▶ Data block
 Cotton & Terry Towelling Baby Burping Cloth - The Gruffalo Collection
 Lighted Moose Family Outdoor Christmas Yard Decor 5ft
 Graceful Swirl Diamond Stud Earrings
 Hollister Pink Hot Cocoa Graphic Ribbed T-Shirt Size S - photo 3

▶ Assigned task
Your answer should be the lines from the one that contains "Lighted Moose Family" through the last line of the material, copied exactly.

▶ Expected answer
 Lighted Moose Family Outdoor Christmas Yard Decor 5ft
 Graceful Swirl Diamond Stud Earrings
 Hollister Pink Hot Cocoa Graphic Ribbed T-Shirt Size S - photo 3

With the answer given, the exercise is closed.